Tuesday, January 4, 2011

The Perfect Space

I graduated from college in 2001. Between 2001-2006, the majority of my friends got married. Between 2006- 2009, most of those same friends had their first baby. I can honestly say that 2010 was the first year I didn't spend a considerable number of weekends attending bridal or baby showers. Life seems to have slowed down a bit in my circle of friends...for the moment anyway.

Now the focus seems to be on child spacing. What is the perfect space between children? Two years? Four years? Among my friends there is one couple who spaced their children 11 months apart and, although difficult in the beginning, it has worked out well for them. Another couple is purposely waiting five years before even thinking about having another child and wouldn't have it any other way. So what's a couple to do?

I am pretty sure that Rob and I had the "baby discussion" long before we were even dating. We were close friends throughout college and spent a lot of time together. Because I can't think of a single topic we didn't discuss, I am positive that babies and children had to have come up at some point. He comes from two and I come from four so we settled on three. We are 2/3 of the way there! We decided to try to space them two years apart both because we wanted them close enough to grow up together and because I wanted to be finished having kids by age 35. Our boys are 2 years and 3 months apart so we are on track so far. :)

Obviously there are positives and negatives to having children close together as well as spacing them many years apart.
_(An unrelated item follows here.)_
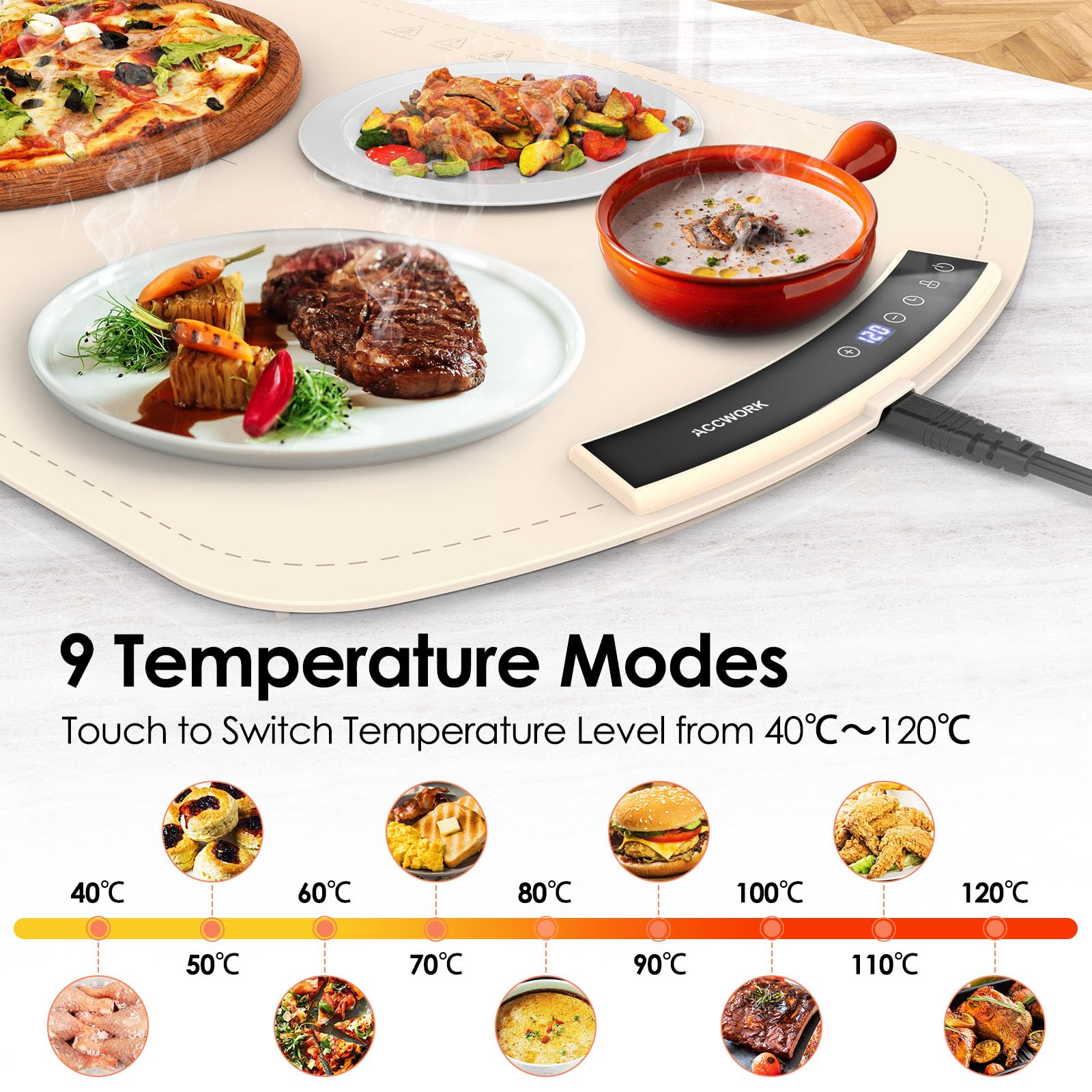 Accwork Wärmespeicherplatte für Buffet, Abendessen zu Hause, Party, 40-120℃ Warmhalteplatte für Speisen mit 6 Timern, Elektrischer Speisenwärmer Faltbare Silikon Heizplatte 65 x 40 cm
I've heard all the reasons but I've never taken the time to write anything down. As you know from previous posts, lists are my specialty. :) I am a planner and enjoy seeing things neatly arranged in front of me. So here goes...

Benefits to Closely Spacing Your Children:

-They can share toys, games, movies, music, etc... and will most likely be interested in the types of things at the same time.
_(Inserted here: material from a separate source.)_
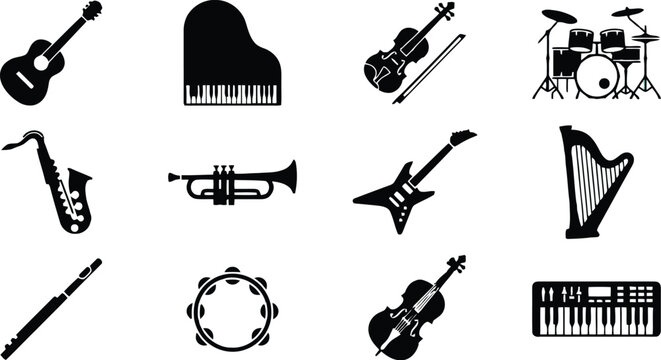 Set of 12 Black Silhouette Musical Instrument Icons Vector Collection for Music Education, Entertainment, and Performance Graphics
-Because of their similiar interests, there is a good chance they will become natural playmates.

-You will be able to put them on the same schedule- eat at the same time, nap at the same time, go to school at the same time, etc...

-The older one will be too young to know what jealousy is.

-The older one will not remember life without his/her sibling so there will be no issues of "only child syndrome" to tackle.

-You can reuse baby gear (carseats, swings, high chairs, bouncers, carriers, etc) because the safety standards will not change that much such a short period of time.

-As one child ends a phase, the next will begin it. Since you're already in the trenches, you might as well stay there! ;)


Benefits to Spacing Children Further Apart:

-You will have time to get to know and enjoy one child before you have another.

-You will be able to get your body back (for a while anyway) before you get pregnant again.

-The older child will be able to help out (bring you a diaper, entertain the baby while you shower, put the pacifier back in the baby's mouth, etc...)

-You will have time to rediscover yourself and your interests before becoming absorbed once again with a newborn.

-The older child will be somewhat independent and able to entertain himself/herself when you need to tend to the baby.

-You will have taken a breather from babyhood for a while and may be able to start again with a fresh outlook as well as the knowledge of what works and what doesn't.

-You will never have to worry about having two in diapers at the same time! :)

A quote from http://www.growingafamily.com/ nicely sums up what I would like to say to all of my friends who are struggling with the topic of child spacing: "It all works out in the end. Parents tend to advocate whatever age gap their kids end up with, finding it hard to imagine life any other way. So don't worry; you'll enjoy benefits no matter when your second child arrives and probably feel the timing was just right."